In November, a Senate panel approved (http://news.cnet.com/8301-13578_3-57556201-38/senate-panel-to-cops-you-need-search-warrants-for-e-mail/) the e-mail warrant requirement, and acted again last month (http://www.zdnet.com/plans-to-end-warrantless-email-searches-pass-senate-committee-7000014527/). Rep. Zoe Lofgren, a Democrat whose district includes the heart of Silicon Valley, introduced similar legislation (http://news.cnet.com/8301-13578_3-57572957-38/police-would-need-warrants-for-e-mail-phone-tracking-bill-says/) in the House of Representatives.

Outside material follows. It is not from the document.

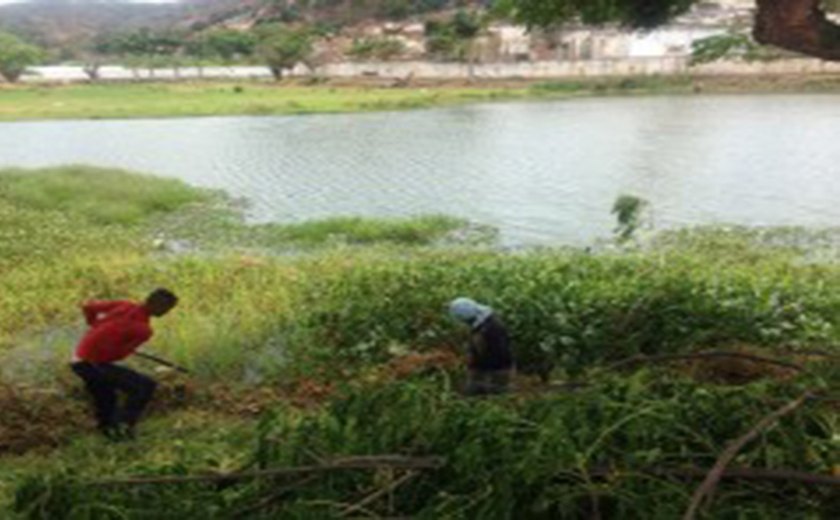 Prefeitura de Palmeira inicia trabalhos de limpeza do Lago do Goiti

The political pressure, coupled with public petitions (https://secure.freedomworks.org/site/Advocacy?cmd=display&page=UserAction&id=533) and increased adoption of cloud-based services, has had an effect. In 2011, James Baker, the associate deputy attorney general, warned (http://news.cnet.com/8301-31921_3-20051461-281.html) that requiring search warrants to obtain stored e-mail could have an "adverse impact" on criminal investigations. By March 2013, however, Elana Tyrangiel, an acting assistant attorney general, indicated (http://news.cnet.com/8301-13578_3-57575020-38/justice-department-bends-on-some-e-mail-privacy-fixes/) that the department would acquiesce on some privacy reforms.

"They dropped their opposition in Congress, but they're going to try to wiggle out from under the Fourth Amendment whenever possible," says the ACLU's Wessler. "They probably realize that they couldn't figure out a way to respond to hard questions from Congress anymore."

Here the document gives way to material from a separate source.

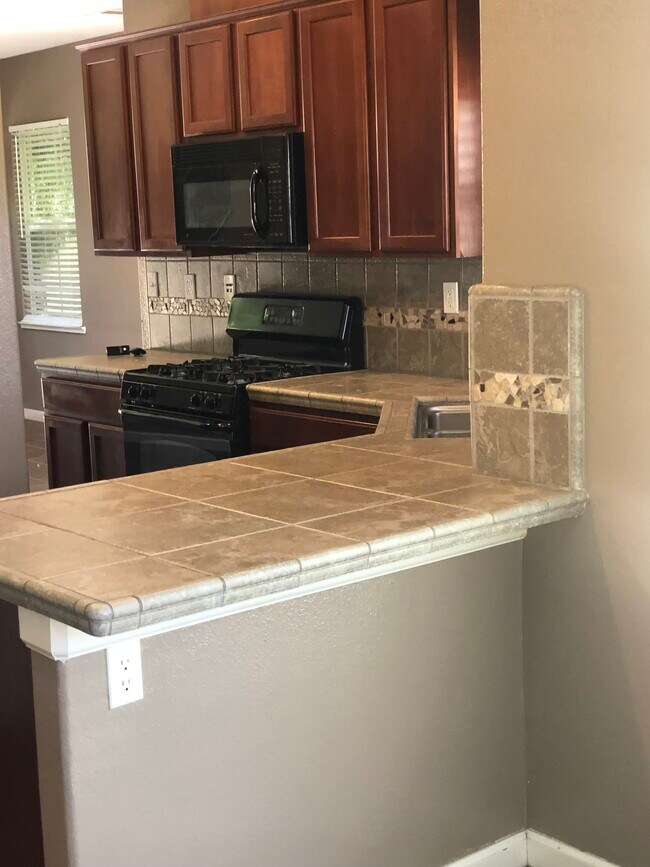 Building Photo - 10640 Siskiyou Ln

Separately, the New York Times reported (http://www.nytimes.com/2013/05/08/us/politics/obama-may-back-fbi-plan-to-wiretap-web-users.html) Tuesday evening that the Obama administration may embrace the FBI's proposal for a federal law mandating that tech companies build in backdoors for surveillance. CNET reported last year (http://news.cnet.com/8301-1009_3-57428067-83/fbi-we-need-wiretap-ready-web-sites-now/) that the FBI has asked the companies not to oppose such legislation, and that the FBI has been building a case (http://news.cnet.com/8301-13578_3-57545353-38/dark-motive-fbi-seeks-signs-of-carrier-roadblocks-to-surveillance/) for a new law by collecting examples of how communications companies have stymied government agencies.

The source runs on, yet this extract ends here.